Правда, на улицу его еще не пускали, но зато приходил папа и читал подолгу, ему одному, а сбегались все ребятишки. Алексей с таким выражением читал – ребятишки сидели с открытыми ртами и слушали, не шевелясь и забыв обо всем. Он словно не читал, а рассказывал, очень-очень интересно. Если случались ссоры и надо было утихомирить детей – лучшего способа не было. Правда, Алексей редко бывал дома, работал до поздней ночи, приходил, когда дети спали. Только Лев ждал его до последнего, не ложился. А в выходные они вместе ходили на стадион, играли в футбол. Лев был ближе всего к папе, и для него отец всегда был кумиром, высшей инстанцией справедливости. Так, наверное, и должно быть, всем мальчишкам нужен отец, нужен пример на кого ровняться. Когда ушел мой отец, брат не знал, как пережить, словно в нем что-то сломалось и уже не починилось, он по-прежнему обожал его, смотрел ему в рот, слушался его, но как после этого жить, он не знал, не знает и теперь, хотя полжизни уже прошло, он взрослый дядя.
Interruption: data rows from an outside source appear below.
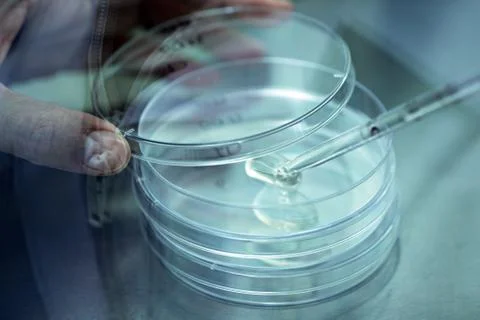 Pipette adding fluid water to test tubes. Stock Photos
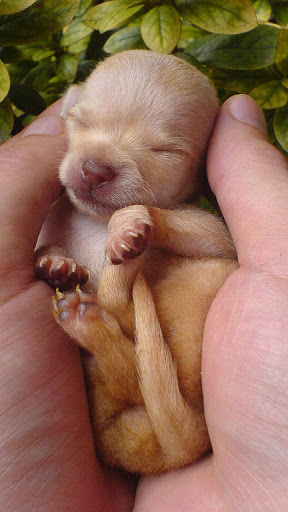 Android application chihuahua dog wallpaper screenshort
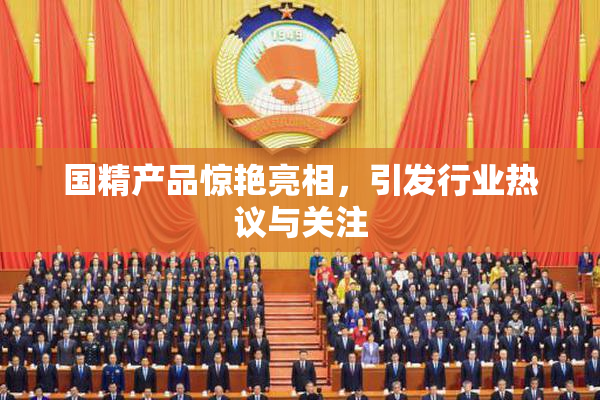 国精产品惊艳亮相，引发行业热议与关注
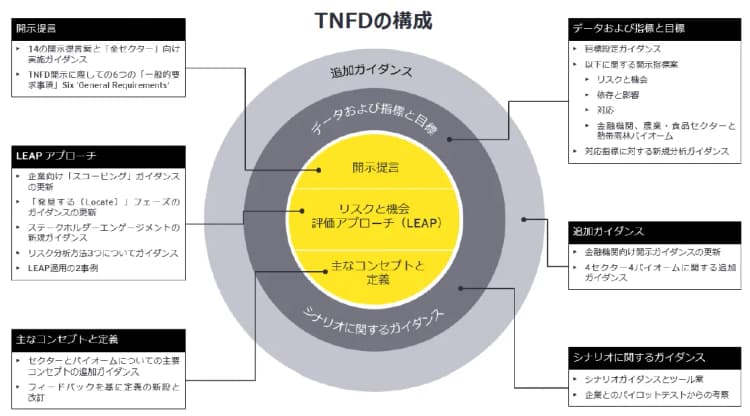 環境省、TNFDの理解を深めるための勉強会を開催へ 限定10社程度
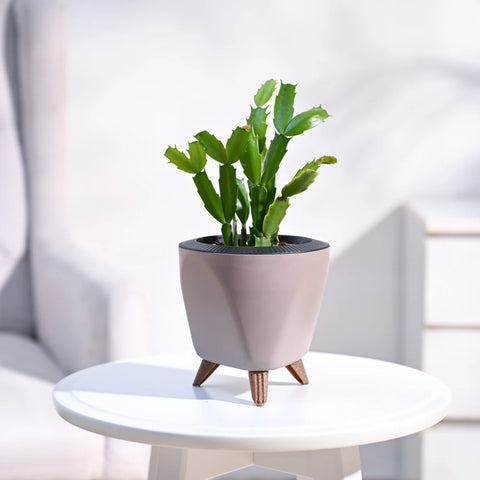 Christmas Cactus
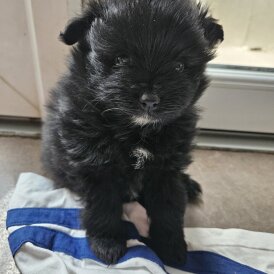 Pomeranian - Both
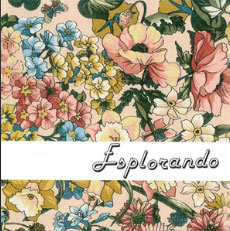 esplorando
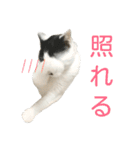 LimeLife2（個別スタンプ：9）
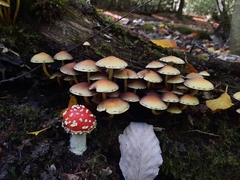 Hypholoma fasciculare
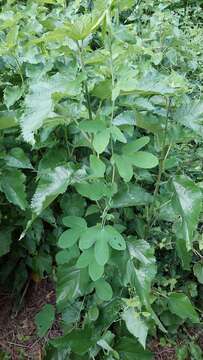 Image of Passiflora gibertii N. E. Brown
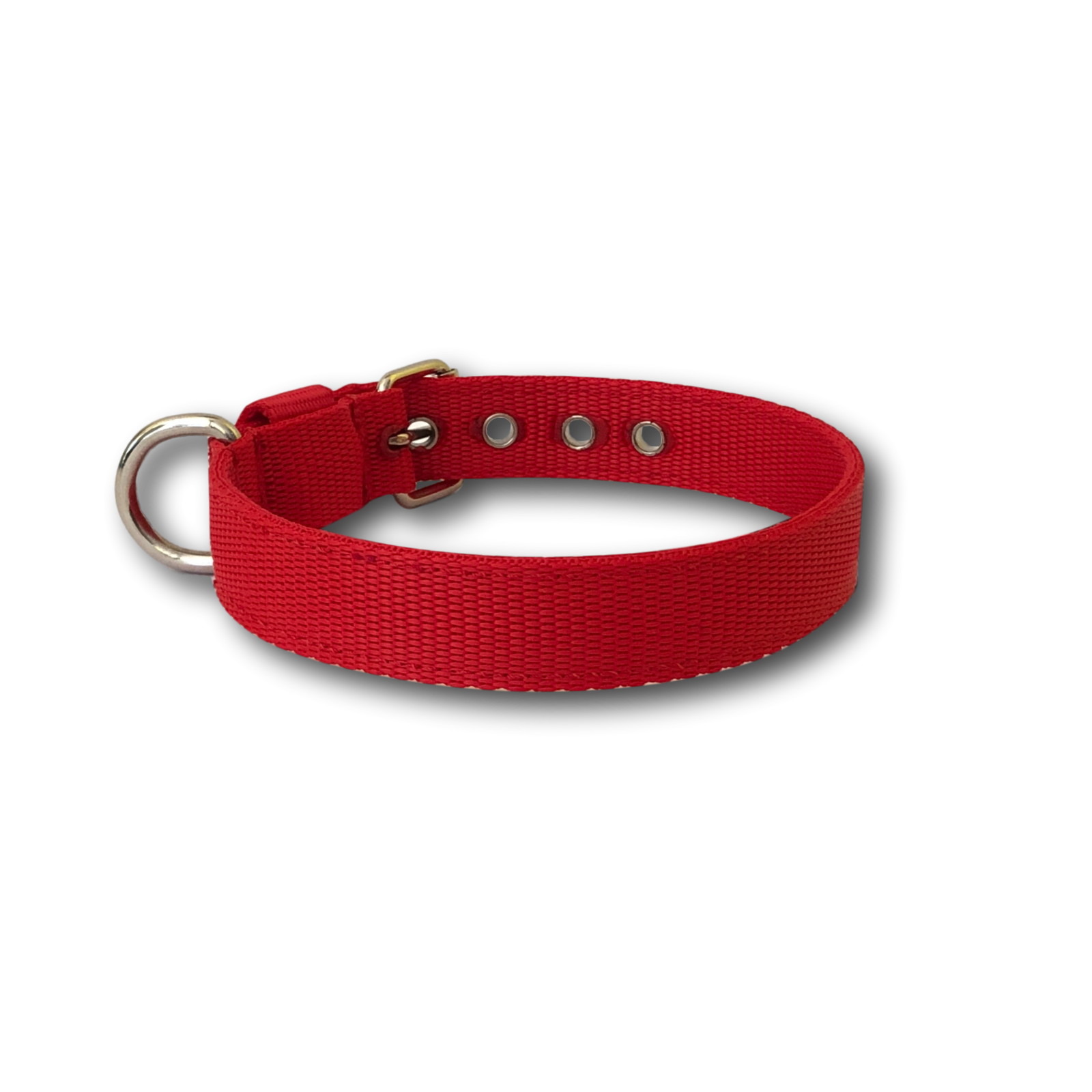 Collare Classic 2cm per Cani piccola taglia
К Новому году в школе устроили утренник или огонёк, не знаю, как это называлось в то время, ребята пели, читали стихи, ставили миниатюры, отрывки из пьес и тому подобное. Народу – не протолкнутся, родители с детьми, друзья, соседи. Даже новая, только что построенная, шестая школа всех не вмещала. Она стоит и поныне, старая, обшарпанная, до сих пор работает. Но тогда она была новая, пахла свежей краской. Моей бабушке – восемь. Она нарядная, в белой кофточке и чёрной юбочке, а на голове большой бант, стоит посреди зала и все на неё смотрят, она должна прочесть стихотворение. Отрывок из Онегина.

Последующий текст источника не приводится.